## Aim of the exercise
The output is the lines below from the one with "Emoticon Wallet on Chain Quilted Lambskin" through the one with "РАСПРОДАЖА!!!! СЕВЕРСТАЛЬ - ДИНАМО", both included, printed exactly and with no other line.

┄┄┄┄┄┄

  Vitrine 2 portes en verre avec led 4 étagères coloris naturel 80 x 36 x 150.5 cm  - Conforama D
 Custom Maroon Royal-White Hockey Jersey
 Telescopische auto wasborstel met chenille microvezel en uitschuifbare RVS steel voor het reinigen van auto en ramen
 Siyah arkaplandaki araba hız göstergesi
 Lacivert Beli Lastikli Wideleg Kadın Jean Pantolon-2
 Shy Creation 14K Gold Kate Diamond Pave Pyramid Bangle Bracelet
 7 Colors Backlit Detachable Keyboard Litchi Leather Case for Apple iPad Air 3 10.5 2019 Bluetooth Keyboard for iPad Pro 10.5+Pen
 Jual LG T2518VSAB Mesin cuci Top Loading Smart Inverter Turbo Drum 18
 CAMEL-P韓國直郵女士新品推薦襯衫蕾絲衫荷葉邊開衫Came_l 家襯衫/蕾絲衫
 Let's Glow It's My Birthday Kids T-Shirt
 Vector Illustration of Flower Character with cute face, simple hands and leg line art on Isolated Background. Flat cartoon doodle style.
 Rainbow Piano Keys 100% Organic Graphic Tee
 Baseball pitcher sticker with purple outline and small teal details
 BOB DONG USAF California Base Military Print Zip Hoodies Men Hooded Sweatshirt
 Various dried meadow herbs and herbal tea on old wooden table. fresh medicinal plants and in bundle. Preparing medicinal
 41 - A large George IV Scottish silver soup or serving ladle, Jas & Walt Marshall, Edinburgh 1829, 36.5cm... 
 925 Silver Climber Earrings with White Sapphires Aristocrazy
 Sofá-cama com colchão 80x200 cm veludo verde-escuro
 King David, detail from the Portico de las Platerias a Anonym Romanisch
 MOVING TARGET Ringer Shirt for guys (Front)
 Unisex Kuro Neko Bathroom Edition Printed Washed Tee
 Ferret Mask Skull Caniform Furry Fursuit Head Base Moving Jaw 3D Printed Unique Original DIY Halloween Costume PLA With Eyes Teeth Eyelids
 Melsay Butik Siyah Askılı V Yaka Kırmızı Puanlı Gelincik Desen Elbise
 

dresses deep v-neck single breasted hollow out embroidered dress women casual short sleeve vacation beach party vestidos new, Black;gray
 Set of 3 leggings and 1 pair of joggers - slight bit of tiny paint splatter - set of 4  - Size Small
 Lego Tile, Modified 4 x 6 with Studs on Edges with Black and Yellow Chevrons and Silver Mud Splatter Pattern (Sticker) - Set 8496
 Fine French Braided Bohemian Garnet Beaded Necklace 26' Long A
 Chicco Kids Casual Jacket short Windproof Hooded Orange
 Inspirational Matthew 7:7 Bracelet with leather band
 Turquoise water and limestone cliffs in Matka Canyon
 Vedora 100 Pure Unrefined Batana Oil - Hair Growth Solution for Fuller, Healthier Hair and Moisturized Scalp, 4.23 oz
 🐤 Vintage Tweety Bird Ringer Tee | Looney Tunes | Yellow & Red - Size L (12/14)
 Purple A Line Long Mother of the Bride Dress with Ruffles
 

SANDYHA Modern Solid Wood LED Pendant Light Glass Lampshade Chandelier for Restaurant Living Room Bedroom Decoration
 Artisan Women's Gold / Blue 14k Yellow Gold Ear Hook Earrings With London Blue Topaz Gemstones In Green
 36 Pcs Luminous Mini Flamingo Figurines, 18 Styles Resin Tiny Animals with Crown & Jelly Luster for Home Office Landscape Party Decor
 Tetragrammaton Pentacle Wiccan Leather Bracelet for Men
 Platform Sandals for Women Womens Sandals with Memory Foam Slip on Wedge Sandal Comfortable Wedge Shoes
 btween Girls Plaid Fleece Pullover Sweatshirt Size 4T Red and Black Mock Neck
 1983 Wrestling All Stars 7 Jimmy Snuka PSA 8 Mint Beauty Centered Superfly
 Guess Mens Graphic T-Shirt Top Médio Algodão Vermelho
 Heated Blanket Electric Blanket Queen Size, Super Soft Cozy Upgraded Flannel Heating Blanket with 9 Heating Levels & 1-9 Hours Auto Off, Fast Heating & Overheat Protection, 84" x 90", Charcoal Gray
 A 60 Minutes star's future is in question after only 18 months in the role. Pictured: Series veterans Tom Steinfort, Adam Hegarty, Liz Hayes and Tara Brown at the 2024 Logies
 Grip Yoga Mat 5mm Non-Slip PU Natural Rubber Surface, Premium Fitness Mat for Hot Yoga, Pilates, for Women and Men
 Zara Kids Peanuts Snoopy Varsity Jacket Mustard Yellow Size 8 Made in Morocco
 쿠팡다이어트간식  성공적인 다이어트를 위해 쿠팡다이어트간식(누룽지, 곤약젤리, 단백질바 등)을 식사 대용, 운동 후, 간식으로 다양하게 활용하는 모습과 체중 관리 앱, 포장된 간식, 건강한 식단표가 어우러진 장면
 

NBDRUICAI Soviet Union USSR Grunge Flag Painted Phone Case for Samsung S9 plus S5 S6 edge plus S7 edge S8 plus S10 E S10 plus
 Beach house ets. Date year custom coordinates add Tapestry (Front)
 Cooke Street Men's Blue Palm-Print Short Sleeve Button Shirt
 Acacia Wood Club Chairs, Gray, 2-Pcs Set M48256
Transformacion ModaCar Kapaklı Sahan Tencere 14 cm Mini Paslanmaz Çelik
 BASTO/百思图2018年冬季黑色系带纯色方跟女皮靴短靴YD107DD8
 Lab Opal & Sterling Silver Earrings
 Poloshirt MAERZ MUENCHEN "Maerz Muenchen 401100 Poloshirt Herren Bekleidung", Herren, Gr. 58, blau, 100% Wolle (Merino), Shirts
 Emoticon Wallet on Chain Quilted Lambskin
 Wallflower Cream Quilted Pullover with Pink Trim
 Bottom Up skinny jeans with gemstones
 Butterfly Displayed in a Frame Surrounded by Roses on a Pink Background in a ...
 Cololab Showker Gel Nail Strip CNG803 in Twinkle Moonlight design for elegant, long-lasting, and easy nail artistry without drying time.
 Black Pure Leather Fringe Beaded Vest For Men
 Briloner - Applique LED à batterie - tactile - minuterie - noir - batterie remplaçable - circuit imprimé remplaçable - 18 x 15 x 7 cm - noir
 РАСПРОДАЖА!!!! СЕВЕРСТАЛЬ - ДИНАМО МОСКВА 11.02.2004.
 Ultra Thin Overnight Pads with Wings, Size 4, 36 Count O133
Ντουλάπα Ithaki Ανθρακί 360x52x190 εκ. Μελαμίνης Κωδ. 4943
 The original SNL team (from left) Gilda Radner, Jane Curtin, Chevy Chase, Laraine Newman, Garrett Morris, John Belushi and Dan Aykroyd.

┄┄┄┄┄┄

## Answer to this exercise
 Emoticon Wallet on Chain Quilted Lambskin
 Wallflower Cream Quilted Pullover with Pink Trim
 Bottom Up skinny jeans with gemstones
 Butterfly Displayed in a Frame Surrounded by Roses on a Pink Background in a ...
 Cololab Showker Gel Nail Strip CNG803 in Twinkle Moonlight design for elegant, long-lasting, and easy nail artistry without drying time.
 Black Pure Leather Fringe Beaded Vest For Men
 Briloner - Applique LED à batterie - tactile - minuterie - noir - batterie remplaçable - circuit imprimé remplaçable - 18 x 15 x 7 cm - noir
 РАСПРОДАЖА!!!! СЕВЕРСТАЛЬ - ДИНАМО МОСКВА 11.02.2004.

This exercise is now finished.